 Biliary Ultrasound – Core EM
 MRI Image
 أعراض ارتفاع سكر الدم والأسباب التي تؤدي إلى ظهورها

■ To do:
Write all the data out again, word for word.

■ Written reply:
 Biliary Ultrasound – Core EM
 MRI Image
 أعراض ارتفاع سكر الدم والأسباب التي تؤدي إلى ظهورها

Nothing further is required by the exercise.